The Giants’ slim lead was matched when former Giant Jeff Kent stepped into the box and drove a solo blast into the deepest part of the ball park. The score was now knotted up at 1-1.
In the seventh inning, Dodgers’ Manager Grady Little called it a night for Penny and brought in left-handed reliever Tim Hamulack. Steve Finley and Bonds, the first Giants’ hitters played the patient game with Hamulack and both drew walks.
Hamulack’s outing was short lived. The Dodgers then called for reliever Takashi Saito to get Lance Niekro out and salvage the inning for the Dodgers. Saito did his job as he got Niekro to ground out into an inning ending double play. However, Wright returned the favor and killed a possible Dodger rally in the next half of the inning when he forced pinch-hitter Kenny Lofton into a double play.
It was now the ninth inning and the Giants were looking to put the game away and get the “W.” Wright went all out and tried to put the team in the best position to win. He finished the game with eight innings pitched with only five hits given up to six strikeouts. To lead off the ninth, Omar Vizquel blooped a single into center field and then advanced to second on a wild pitch from pitcher Hong-Chih Kuo. Then Vizquel moved over to third after Steve Finley grounded out to second. Up next was Bonds, and Little, like every other manager in the game, intentionally walked Bonds. Little then made another call, this time to the bullpen for Danys Baez to come in and face Ray Durham. Durham came through in the clutch with a sacrifice fly to right and scored Vizquel from third. The Giants now had the lead, 2-1.
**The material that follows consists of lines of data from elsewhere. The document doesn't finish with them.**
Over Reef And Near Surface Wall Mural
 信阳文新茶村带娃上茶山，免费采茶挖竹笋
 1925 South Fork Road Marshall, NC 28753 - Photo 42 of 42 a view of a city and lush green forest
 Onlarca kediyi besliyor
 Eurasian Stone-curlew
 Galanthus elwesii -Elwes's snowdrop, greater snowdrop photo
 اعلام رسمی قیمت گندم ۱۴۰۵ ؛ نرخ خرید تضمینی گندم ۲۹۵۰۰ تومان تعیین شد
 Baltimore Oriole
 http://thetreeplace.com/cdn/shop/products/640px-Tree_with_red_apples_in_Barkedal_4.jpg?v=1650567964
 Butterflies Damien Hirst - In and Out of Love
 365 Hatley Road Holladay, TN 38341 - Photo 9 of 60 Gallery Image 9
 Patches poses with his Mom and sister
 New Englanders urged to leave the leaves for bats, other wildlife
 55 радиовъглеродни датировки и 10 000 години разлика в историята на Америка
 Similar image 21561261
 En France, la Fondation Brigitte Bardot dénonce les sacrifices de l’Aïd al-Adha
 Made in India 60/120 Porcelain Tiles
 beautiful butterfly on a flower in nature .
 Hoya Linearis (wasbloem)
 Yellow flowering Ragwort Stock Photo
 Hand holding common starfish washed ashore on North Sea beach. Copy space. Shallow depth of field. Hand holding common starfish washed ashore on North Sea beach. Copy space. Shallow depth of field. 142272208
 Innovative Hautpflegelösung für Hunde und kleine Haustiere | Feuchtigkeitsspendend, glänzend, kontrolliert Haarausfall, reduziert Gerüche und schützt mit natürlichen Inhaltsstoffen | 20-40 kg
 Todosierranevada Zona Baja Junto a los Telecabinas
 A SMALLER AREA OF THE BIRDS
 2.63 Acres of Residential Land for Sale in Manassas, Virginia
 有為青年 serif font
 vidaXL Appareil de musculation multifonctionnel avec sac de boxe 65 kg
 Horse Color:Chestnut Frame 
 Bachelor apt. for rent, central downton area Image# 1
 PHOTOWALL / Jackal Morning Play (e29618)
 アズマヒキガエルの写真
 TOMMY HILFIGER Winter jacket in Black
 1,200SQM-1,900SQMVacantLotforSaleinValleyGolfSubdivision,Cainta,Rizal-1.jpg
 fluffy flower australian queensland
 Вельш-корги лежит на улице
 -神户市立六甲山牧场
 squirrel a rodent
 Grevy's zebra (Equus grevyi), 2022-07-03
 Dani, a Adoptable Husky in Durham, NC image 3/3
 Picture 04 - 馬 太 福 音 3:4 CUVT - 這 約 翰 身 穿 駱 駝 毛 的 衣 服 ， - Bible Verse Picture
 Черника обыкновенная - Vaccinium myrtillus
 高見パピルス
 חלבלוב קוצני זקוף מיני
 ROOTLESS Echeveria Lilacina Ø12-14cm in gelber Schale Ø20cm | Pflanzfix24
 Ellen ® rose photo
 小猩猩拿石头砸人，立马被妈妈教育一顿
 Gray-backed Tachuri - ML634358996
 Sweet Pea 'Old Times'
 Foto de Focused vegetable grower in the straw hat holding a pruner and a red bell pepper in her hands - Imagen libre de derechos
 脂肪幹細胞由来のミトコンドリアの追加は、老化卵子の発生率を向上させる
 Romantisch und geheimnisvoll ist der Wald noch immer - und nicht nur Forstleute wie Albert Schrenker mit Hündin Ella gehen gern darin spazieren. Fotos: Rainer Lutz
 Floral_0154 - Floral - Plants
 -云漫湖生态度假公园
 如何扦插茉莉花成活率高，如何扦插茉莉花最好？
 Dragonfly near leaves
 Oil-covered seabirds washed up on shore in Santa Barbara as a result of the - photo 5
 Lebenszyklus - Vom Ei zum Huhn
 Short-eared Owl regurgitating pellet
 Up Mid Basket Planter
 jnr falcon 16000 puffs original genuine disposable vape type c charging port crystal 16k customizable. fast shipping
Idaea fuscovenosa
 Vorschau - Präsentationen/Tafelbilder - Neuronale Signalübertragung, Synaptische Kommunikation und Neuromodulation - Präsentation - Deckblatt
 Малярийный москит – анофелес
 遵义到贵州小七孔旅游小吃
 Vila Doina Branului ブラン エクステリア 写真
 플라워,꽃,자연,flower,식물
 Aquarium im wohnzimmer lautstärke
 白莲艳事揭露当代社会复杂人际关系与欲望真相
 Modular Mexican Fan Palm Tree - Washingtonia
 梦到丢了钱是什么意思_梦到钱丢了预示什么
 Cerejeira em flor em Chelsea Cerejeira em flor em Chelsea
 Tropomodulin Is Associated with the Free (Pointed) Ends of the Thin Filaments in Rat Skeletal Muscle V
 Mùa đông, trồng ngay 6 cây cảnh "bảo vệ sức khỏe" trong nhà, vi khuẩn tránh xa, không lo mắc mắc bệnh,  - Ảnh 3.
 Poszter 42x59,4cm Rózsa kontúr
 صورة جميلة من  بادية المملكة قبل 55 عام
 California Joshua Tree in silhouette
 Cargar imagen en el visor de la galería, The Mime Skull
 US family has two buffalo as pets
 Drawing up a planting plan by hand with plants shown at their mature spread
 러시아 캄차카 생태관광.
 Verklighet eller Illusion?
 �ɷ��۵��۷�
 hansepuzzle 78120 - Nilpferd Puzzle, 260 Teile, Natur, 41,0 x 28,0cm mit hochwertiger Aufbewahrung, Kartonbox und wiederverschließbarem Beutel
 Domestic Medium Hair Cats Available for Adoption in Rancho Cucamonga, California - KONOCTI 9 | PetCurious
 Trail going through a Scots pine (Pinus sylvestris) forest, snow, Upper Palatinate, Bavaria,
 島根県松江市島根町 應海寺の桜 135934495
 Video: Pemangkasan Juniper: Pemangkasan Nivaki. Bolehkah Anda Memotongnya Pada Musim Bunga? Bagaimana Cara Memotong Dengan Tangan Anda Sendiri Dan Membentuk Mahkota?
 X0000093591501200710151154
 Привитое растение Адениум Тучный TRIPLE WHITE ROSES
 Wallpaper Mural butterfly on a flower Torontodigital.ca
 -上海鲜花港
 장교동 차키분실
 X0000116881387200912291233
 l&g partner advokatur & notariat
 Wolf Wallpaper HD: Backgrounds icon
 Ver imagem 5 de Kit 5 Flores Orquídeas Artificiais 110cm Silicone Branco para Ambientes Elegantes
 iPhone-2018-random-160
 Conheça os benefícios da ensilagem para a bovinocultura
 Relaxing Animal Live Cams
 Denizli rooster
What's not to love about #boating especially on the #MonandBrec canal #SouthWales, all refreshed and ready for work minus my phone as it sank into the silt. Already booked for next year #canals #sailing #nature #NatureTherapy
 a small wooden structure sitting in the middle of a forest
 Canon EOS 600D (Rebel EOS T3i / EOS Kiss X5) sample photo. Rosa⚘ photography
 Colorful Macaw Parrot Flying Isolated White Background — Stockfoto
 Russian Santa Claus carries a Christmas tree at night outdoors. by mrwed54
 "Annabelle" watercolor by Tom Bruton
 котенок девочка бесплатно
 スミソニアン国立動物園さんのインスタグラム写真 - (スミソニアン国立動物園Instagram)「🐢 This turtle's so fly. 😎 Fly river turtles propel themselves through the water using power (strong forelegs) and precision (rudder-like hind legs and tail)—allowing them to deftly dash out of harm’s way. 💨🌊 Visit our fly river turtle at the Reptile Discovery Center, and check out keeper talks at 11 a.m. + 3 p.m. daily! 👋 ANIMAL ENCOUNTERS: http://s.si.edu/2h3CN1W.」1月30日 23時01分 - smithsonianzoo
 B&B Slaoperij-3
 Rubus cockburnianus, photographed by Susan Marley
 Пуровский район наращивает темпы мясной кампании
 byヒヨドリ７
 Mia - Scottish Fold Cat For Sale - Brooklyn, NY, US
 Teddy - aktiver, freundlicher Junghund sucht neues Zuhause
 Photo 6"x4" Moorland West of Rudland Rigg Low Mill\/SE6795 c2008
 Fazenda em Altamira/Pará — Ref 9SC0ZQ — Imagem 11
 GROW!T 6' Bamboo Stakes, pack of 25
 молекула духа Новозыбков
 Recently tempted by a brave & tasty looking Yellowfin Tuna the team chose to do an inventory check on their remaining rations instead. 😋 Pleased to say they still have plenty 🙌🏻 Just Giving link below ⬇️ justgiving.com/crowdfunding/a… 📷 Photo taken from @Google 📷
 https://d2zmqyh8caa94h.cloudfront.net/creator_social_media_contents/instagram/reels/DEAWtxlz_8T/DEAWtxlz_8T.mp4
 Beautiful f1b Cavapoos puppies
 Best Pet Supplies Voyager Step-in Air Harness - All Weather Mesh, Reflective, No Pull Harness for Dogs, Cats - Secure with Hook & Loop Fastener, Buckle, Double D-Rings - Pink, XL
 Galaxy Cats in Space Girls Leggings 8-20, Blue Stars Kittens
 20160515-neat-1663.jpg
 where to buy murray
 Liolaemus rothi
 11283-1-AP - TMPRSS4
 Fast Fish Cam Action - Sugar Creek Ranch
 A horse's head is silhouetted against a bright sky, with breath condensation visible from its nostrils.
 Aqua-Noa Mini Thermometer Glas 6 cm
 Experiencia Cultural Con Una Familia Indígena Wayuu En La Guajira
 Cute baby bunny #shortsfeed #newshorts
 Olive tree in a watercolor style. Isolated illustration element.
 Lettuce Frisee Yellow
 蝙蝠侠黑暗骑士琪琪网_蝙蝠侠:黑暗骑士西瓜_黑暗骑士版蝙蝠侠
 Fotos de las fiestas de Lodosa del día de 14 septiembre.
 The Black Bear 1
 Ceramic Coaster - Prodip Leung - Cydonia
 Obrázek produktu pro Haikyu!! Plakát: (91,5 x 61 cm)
That left the game up to closer Tim Worrell to bring the game to an end for the Giants.
After getting Kent to fly out to center, Worrell allowed pinch-hitter Ricky Ledee to get on a base with a bloop double. He then recovered quickly and got Bill Mueller to ground out to second. It was now down to Worrell and pinch-hitter Olmedo Saenz. Worrell won the battle easily getting Saenz to ground out right to him. “The first one is always the best,” they say, I’m pretty sure the Giants would agree with me.
PLAYER OF THE GAME: This one is a no-brainer. Jamey Wright dominated what was supposed to be a tough Los Angeles lineup. He went eight strong innings and had five strikeouts. Not bad for a Spring Training non-roster invitee.